I wonder if we’ve really understood the significance of Jesus’ statement that we’ll be known by our love for one another. I don’t believe he’s saying that love is simply our slogan, our catch word, the next t-shirt or bumper sticker we need to buy… he’s continuing the language he used in the Sermon of the Mount, that where our treasure is, there our heart will be also. What we love shows. What we love shapes us. What we love identifies us.
We know how Jesus loved and how he taught us to love. He said we can’t settle for just loving those who love us, or the most lovable, but must love our enemies. Our love must be extended to all. And we see him do that very thing again and again in the Gospels. Love must be something we grow, expand and by which we relate to the world around us. Love cannot be simply another transaction in life by which we get what we want by giving as little as we can… instead love is a gift, a transforming gift for those around us. The kind of love which Jesus showed and taught pushes past all boundaries which would separate us: national, racial, ethnic, religious and social.
Love is of God
We hear the steadfast love of God resounding throughout the Jewish scriptures, preached and sung by the psalmist. God’s love is the root by which we learn about love, a seeking love, a finding love, a serving love and a steadfast love which never ceases. And that love is not only a foundational practice, it really is the foundation itself.
Our very identity is to be built on love. Our words and actions fall flat or transform the world by the presence of that love. Our faith is alive and life-giving by the presence of that love. Fear and punishment and all the other things which could rob our joy and steal our hope are removed by that love, as John said, “There is no fear in love, but perfect love casts out fear; for fear has to do with punishment, and whoever fears has not reached perfection in love.”

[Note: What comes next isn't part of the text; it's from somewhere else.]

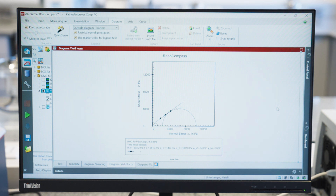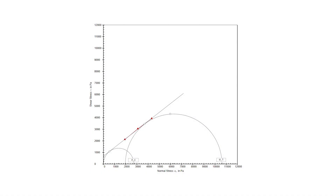These three shear to failure points, which are automatically identified, are then used to calculate the yield-locus function, which is the straight line in this graph, and the Mohr-Coulomb stress circles. These circles provide important information about the minimum normal stress required to make the powder flow at this defined state, which is sigma-C in the graph, and about the total amount of stress present in the system, which is sigma-1 in the graph.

And if there’s any part of us that would resist this call to love, that would say well I’m not sure I really need to love folks, maybe I could just tolerate them, how’s that? then we need to start the hard work of limbering up our hearts, loosening our love and working to expand our love to better include the people around us.
This is a huge part of how we love God. We heard John say it this morning in the reading “Those who say, ‘I love God,’ and hate a brother or sister are liars, for those who do not love a brother or sister, whom they have seen, cannot love God, whom they have not seen. The commandment we have from him is this: those who love God must love their brothers and sisters also.” John is reminding us of an important movement in scripture that we show our love for God in our love for each other. How else are we going to do it? Just by singing songs and saying prayers? Those are good things, but we can’t escape that our community, both the faith and human communities in which we live are the canvas on which we express our love of God. Loving God and loving neighbor are bound up in scripture again and again as the first and second greatest of all commands. The relationship binds them together as truly one, as we’re told again and again to love as God loves, forgive as God forgives and as we are taught to pray: forgive us as we forgive.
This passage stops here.